在编程的时候，编解码放在接口外面来做。程序核心使用unicode字符，且不要对字符编码做任何假设。

In [1]:
def to_str(bytes_or_str):
    if isinstance(bytes_or_str, bytes):
        value = bytes_or_str.decoce('utf-8')
    else:
        value = bytes_or_str
    return value

def to_bytes(bytes_or_str):
    if isinstance(bytes_or_str, str):
        value = bytes_or_str.encode('utf-8')
    else:
        value = bytes_or_str
    return value

在Python3中，涉及到文件处理的操作（使用内置的open函数）会默认的以UTF-8进行编码。而在Python2中默认采用二进制形式来编码。这也是导致意外事故发生的根源，特别是对于那些更习惯于使用Python2的程序员而言。

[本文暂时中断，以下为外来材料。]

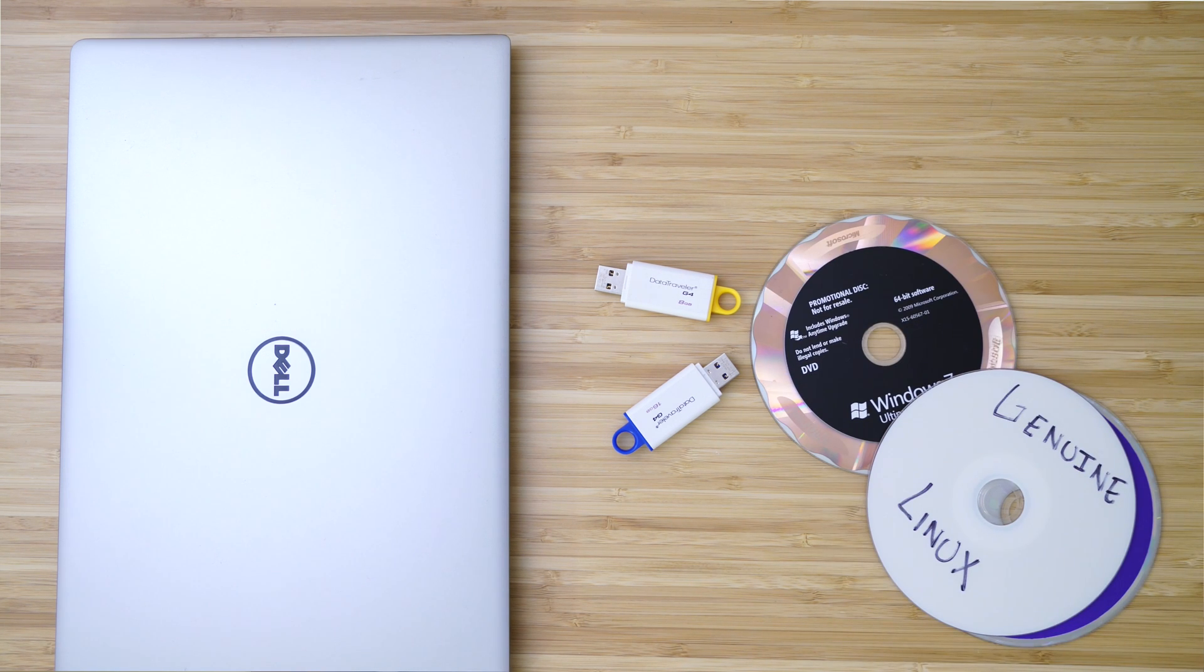Next, you're going to need a Windows or Linux based operating system ISO file. Now, as far as Linux based operating systems goes, they're all pretty much downloadable around the web for free. As far as Windows goes, you might need to create those if you have a Windows disk using the Windows DVD download tool to actually create that, or you might just have the ISO file already.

比方说，将几个随机的二进制数据写入到一个文件中。在Python2中，下面的这段代码可以正常的工作，但是在Python3中却会报错并退出。

In [2]:
import os
with open('random.bin', 'w') as f:
    f.write(os.urandom(10))

TypeError: write() argument must be str, not bytes

导致这个异常发生的原因是在Python3中对于open函数又新增了一个名为encoding的参数。此参数默认为UTF-8。这样在文件句柄上进行read和write操作时，必须传入Unicode字符串的str实例，而不是包含了二进制数据的bytes实例。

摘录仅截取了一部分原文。